The Ackermann’s function is a very interesting mathematical curiosity. It is recursive in nature (note that there is a double recursion, so it’s not tail recursive) and produces astoundingly huge numbers very quickly. Here are a couple of places to read more about it^{3}. Anyway, here are the expansions:

(defun A (x y) (cond ((= y 0) 0) ((= x 0) (* 2 y)) ((= y 1) 2) (t (A (- x 1) (A x (- y 1)))))) ; (A 1 10) ; (A 0 (A 1 9)) ; (* 2 (A 1 9)) ; (* 2 (A 0 (A 1 8))) ; (* 2 (* 2 (A 1 8))) ; (* 2 (* 2 ... 10 times ; So, (A 1 10) = 2^10 = 1024 ; (A 2 4) ; (A 1 (A 2 3)) ; we saw that (A 1 x) is 2^x ; let's see what's (A 2 3) ; (A 1 (A 2 2) ; (A 1 (A 1 (A 2 1))) ; (A 1 (A 1 2)) => 2^(2^2) => 16 ; So, (A 2 4) = 2^16 = 65536 ; (A 3 3) ; (A 2 (A 3 2)) ; (A 2 (A 2 (A 3 1))) ; (A 2 (A 2 2)) ; (A 2 4) ; from above, this is 65536 ; So, (A 3 3) = 2^16 = 65536

And here is the solution for the second part:

(defun f (n) (A 0 n)) ; 2n (defun g (n) (A 1 n)) ; 2^n (defun h (n) (A 2 n)) ; 2^2^... (n times)

We can see from this how fast the Ackermann function grows.

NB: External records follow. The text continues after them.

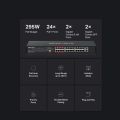 MERCUSYS MS126CP, 24-Port 1 Gbps Rack Switch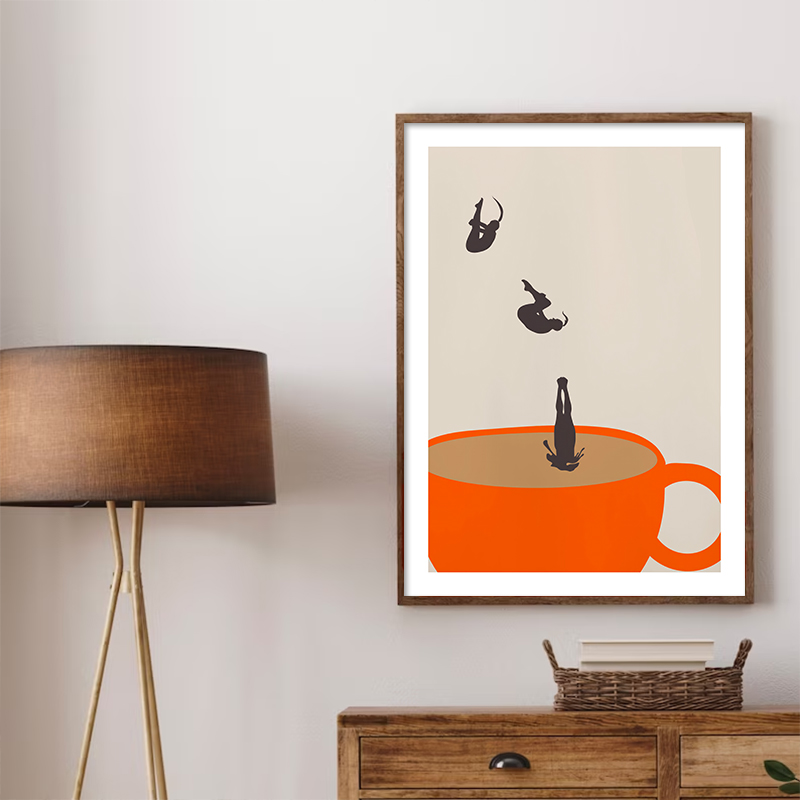Funny Girl Coffee Tea Cup Medi - Coffee Tea Picture recension och pris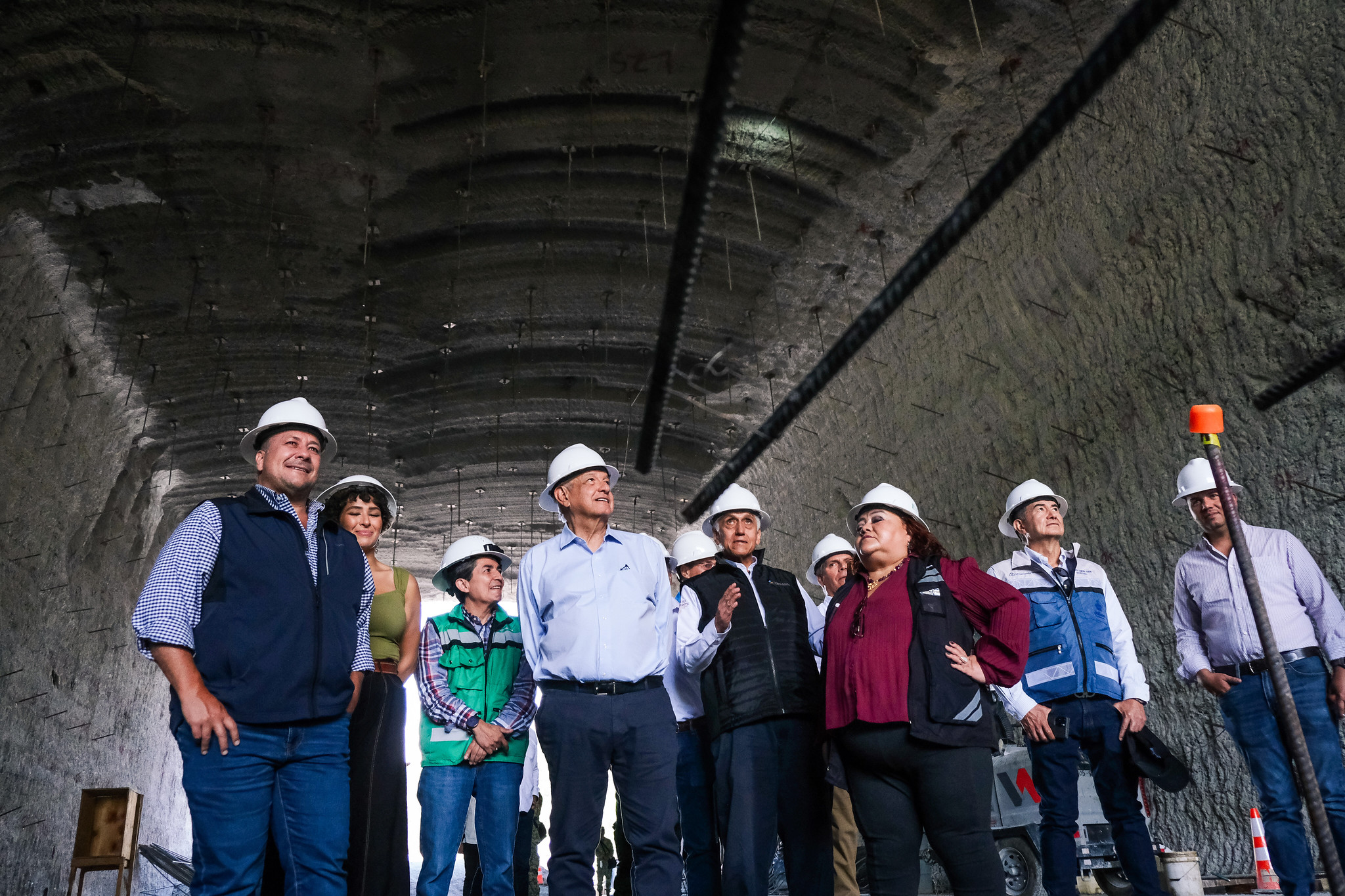 AVANZA OBRA DE LA PRESA EL ZAPOTILLO ALFARO Y LÓPEZ OBRADOR SUPERVISAN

Even `(A 2 n)`

produces huge numbers quickly. It’s fascinating to ponder what `(A 3 n)`

is like. Actually, I think that from the progression of `f, g, h`

we can guess, but it’s not something our mathematical notation is capable of expressing explicitly. Something like the 4th dimension in space, which we can play with mathematically but can’t really gasp intuitively.

#### Footnotes

^{1} If you’re using CLISP, you must compile `factorial-iter`

in order to see tail call optimization in action. The interpreter doesn’t implement it for uncompiled functions.

^{2} “Built-in” is a question of definition here. The looping constructs are actually CL macros, and you could define them yourself if they weren’t there.

^{3} Although the definition SICP gives for Ackermann’s function seems non-standard, it’s the same general idea anyway.